DATA TO USE:
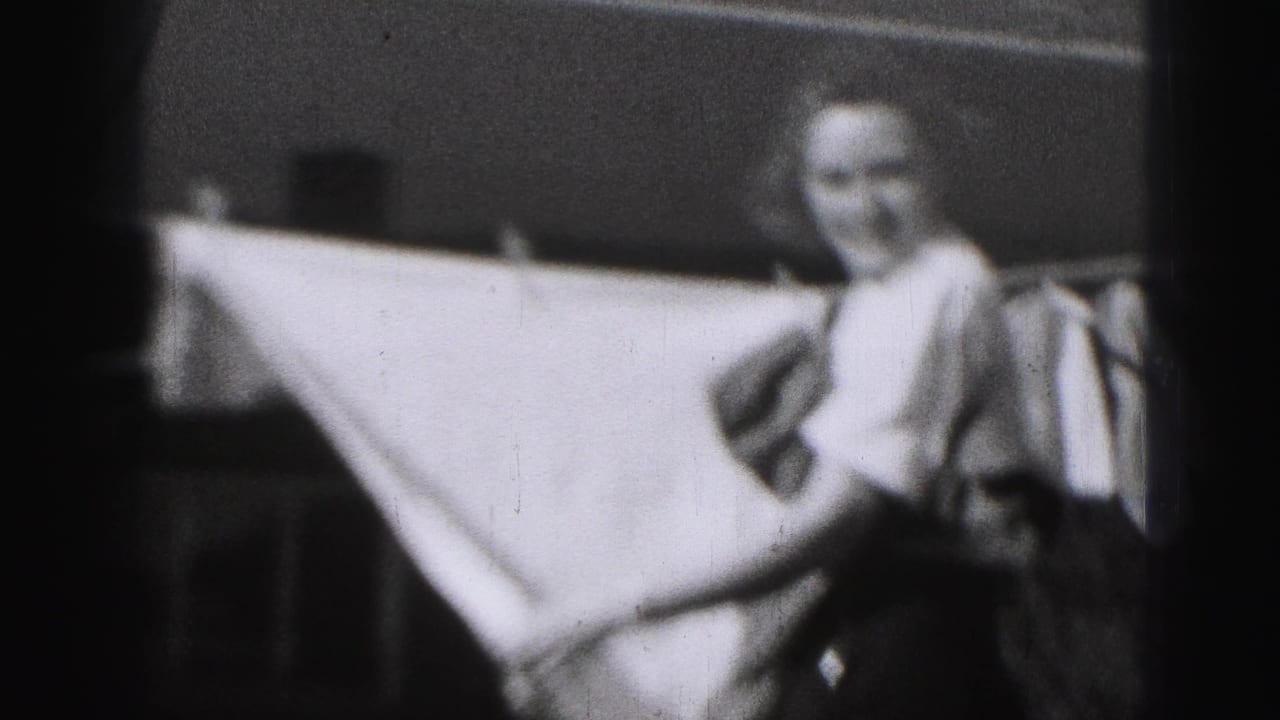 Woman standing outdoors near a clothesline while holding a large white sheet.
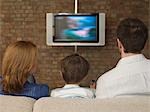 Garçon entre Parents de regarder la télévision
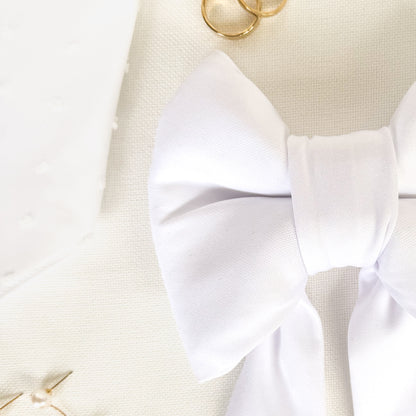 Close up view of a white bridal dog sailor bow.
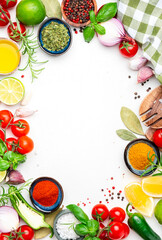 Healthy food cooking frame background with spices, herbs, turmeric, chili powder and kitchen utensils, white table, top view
* * *
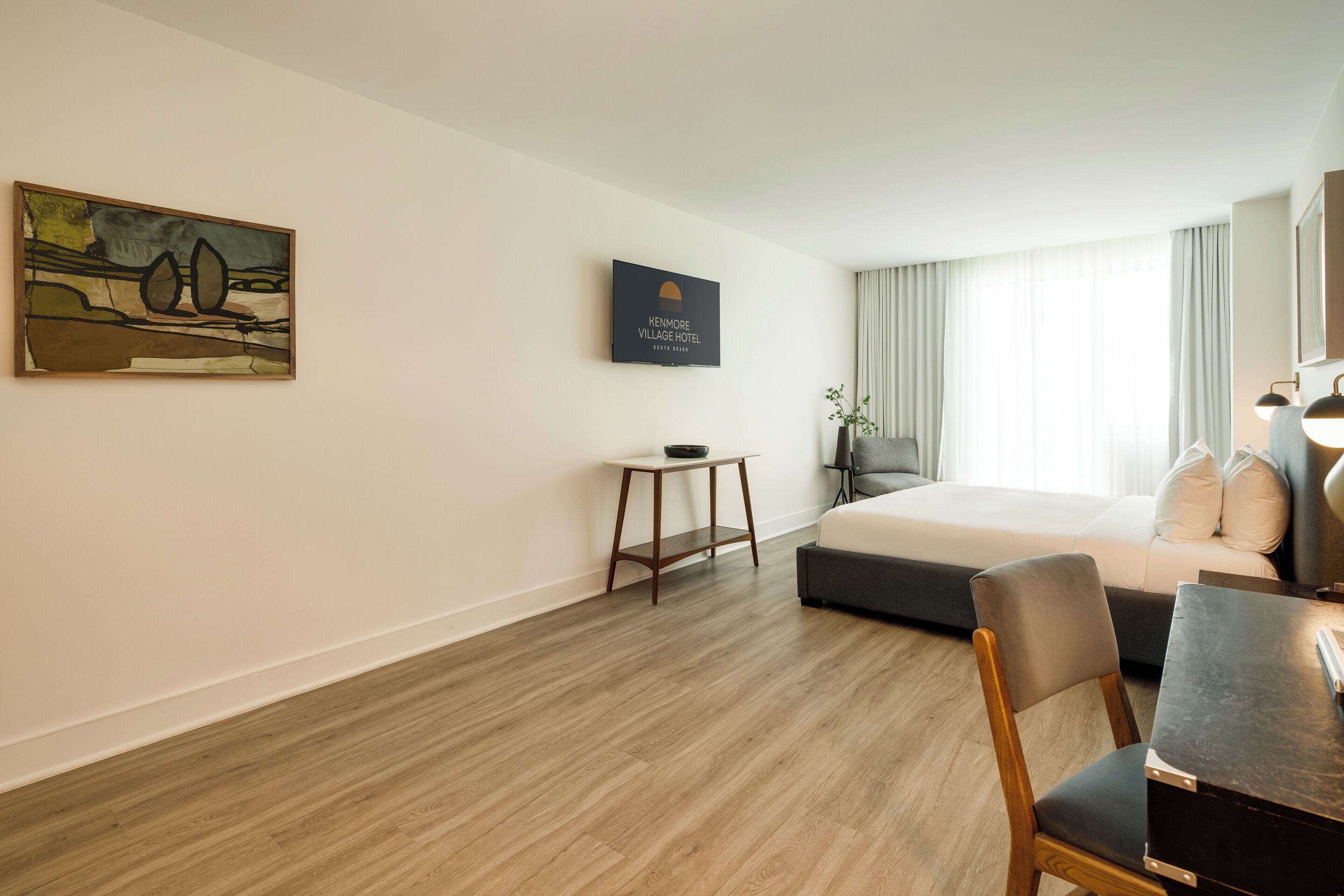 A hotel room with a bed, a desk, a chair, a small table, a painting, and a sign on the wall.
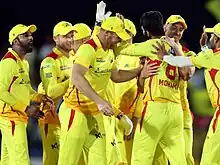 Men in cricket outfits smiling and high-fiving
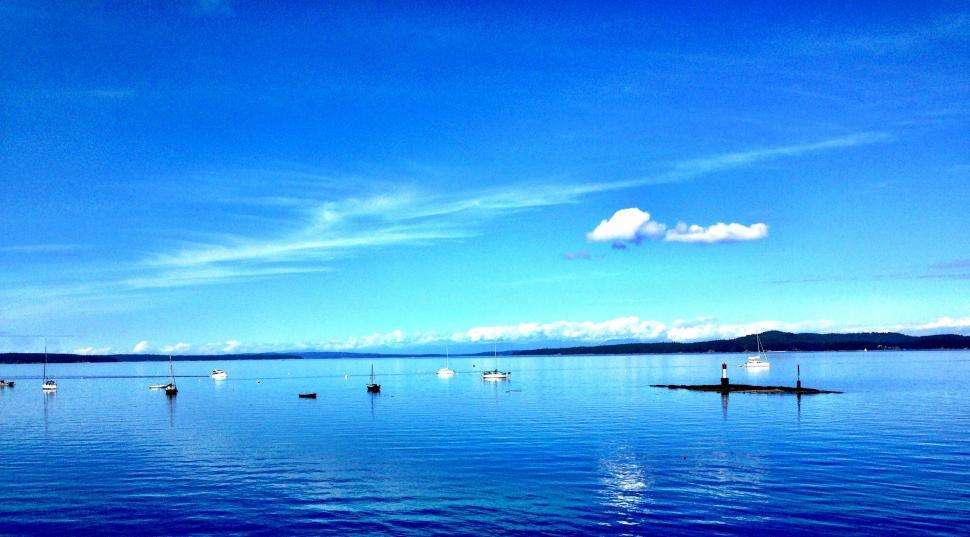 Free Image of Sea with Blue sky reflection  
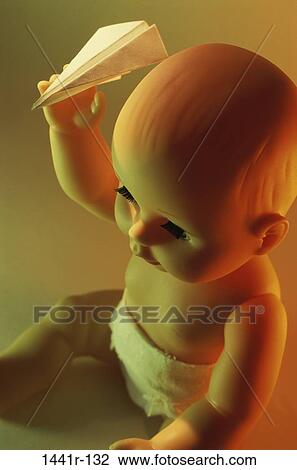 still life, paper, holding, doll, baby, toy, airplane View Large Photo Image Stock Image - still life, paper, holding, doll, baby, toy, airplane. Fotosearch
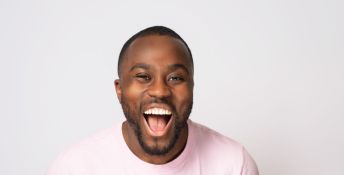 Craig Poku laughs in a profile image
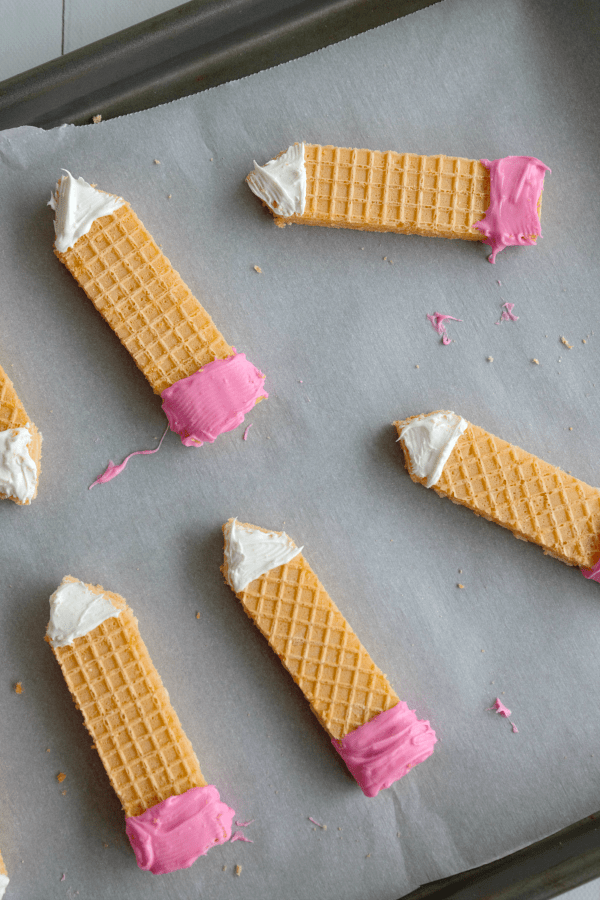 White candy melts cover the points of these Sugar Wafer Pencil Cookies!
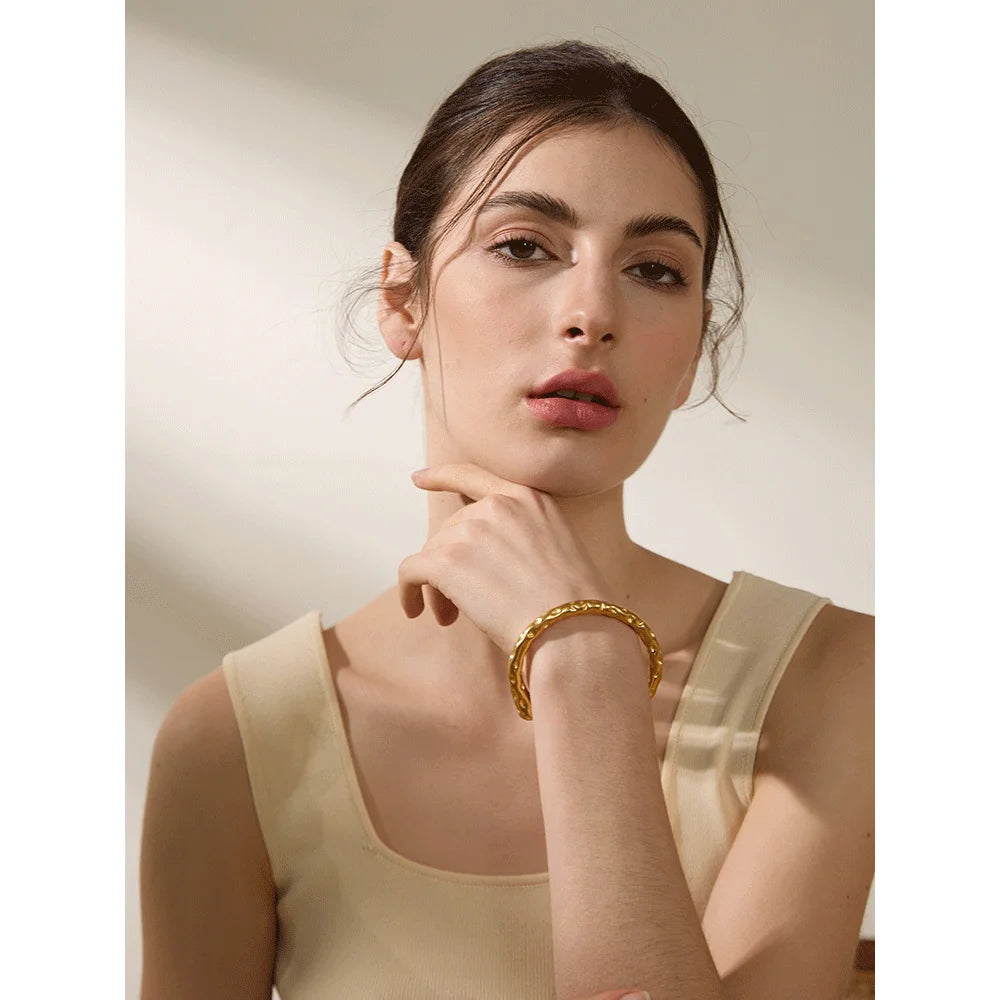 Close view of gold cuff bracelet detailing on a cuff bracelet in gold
* * *
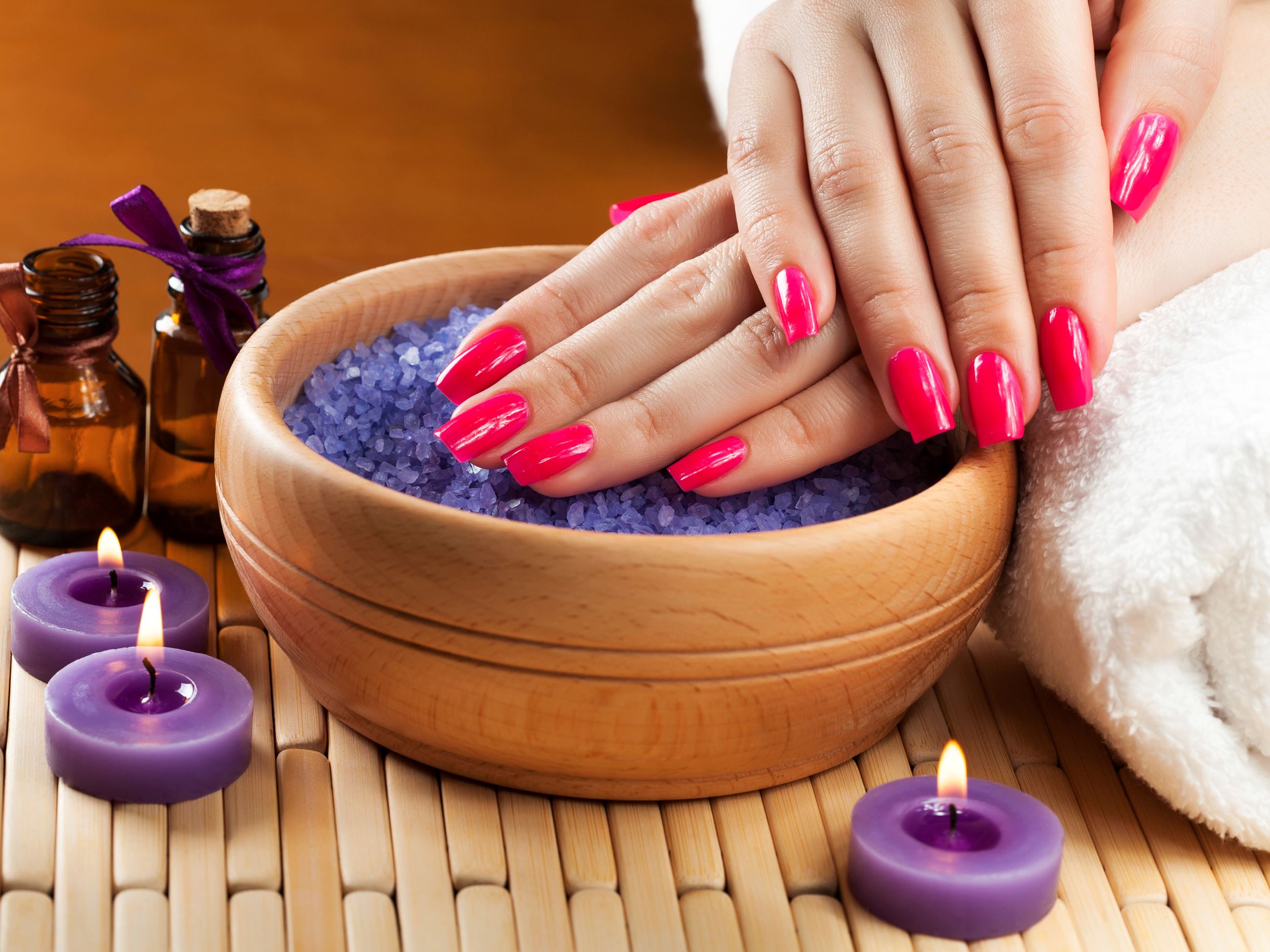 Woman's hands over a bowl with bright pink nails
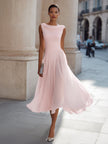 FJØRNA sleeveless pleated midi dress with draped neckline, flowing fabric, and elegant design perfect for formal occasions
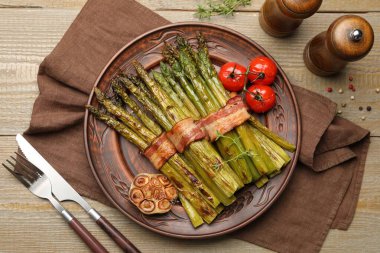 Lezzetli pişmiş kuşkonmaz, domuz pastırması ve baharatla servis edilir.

EXERCISE BRIEF: The lines above from the line with "Craig Poku laughs in a profile image" through the line with "Close view of" are to be given again word for word, with no pictures among them.

ANSWER TO THIS TASK:
 Craig Poku laughs in a profile image
 White candy melts cover the points of these Sugar Wafer Pencil Cookies!
 Close view of gold cuff bracelet detailing on a cuff bracelet in gold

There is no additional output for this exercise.